All of which said, I do have a lot of sympathy for your basic point.
Why, I thank you kindly.
 

stephen

Cricket Web: All-Time Legend
Well if the team was to play in the modern era, and more than 2 tests they need a spinner for the over rates. No good having your captain banned every 3 matches.

FWIW:

Batsmen

Smith*
Kirsten
Cullinan (dropped for Gibbs vs Aus)
Kallis
Rhodes
Prince

Keeper

Boucher+

Bowlers

Pollock
Steyn
Donald
Boje

The quick bowlers all pick themselves really. Except in certain all-time world teams, Pollock would be first picked for most sides. Donald is the best paceman SA have ever produced and Steyn could very well overtake him.
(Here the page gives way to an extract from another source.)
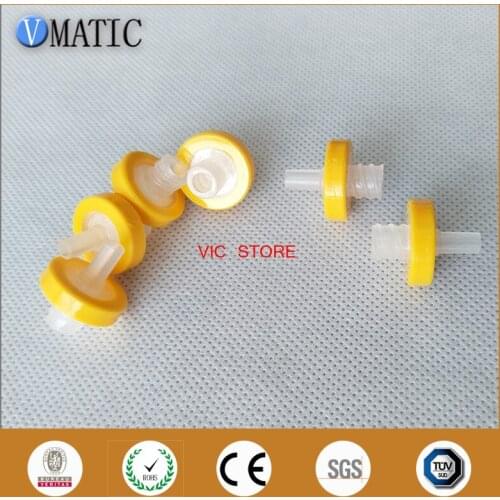 Free Shipping 100Pcs 13mm 0.22um Plastic Yellow Syringe-Driven Filter Syringe Filter Water Solution Filtration Membrane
Boje provides variety and the ability to speed up over rates.

To be truly world dominating SA would need to find a quality spinner though.
 

zaremba

Cricketer Of The Year
You don't need a spinner for overrates, you just need to **** around less TBH.
Agree strongly. 15 hours per hour is a pathetically low rate and you ought to be able to manage it easily with an all-pace attack.
 

Richard

Cricket Web Staff Member
You don't need a spinner for overrates, you just need to **** around less TBH.
Ind33d. Unless all your bowlers have runway-esque run-ups, 15 overs per hour is eminently manageable if you just show a teeny bit of urgency. Not even that, if you just don't show utter lackadaisical-ness (if that's a word).
 

Uppercut

Request Your Custom Title Now!
You don't need a spinner for overrates, you just need to **** around less TBH.
Agree strongly. 15 hours per hour is a pathetically low rate and you ought to be able to manage it easily with an all-pace attack.
I hate how the blame always comes down exclusively on the fielding side though. TV umpires can take an era to decide whether a shot was stopped on the boundary, inept organisers can spend the entire first morning trying to sort out a **** sightscreen and stop people wandering across the batsman's eyeline. Batsmen can leave the fast bowler waiting at the top of his mark while they have a deep conversation with the non-striker in the middle of the pitch before returning to take a fresh guard before every ball. Then pull away at the last minute because they have a bad feeling about a particular ball and force the bowler to run up again.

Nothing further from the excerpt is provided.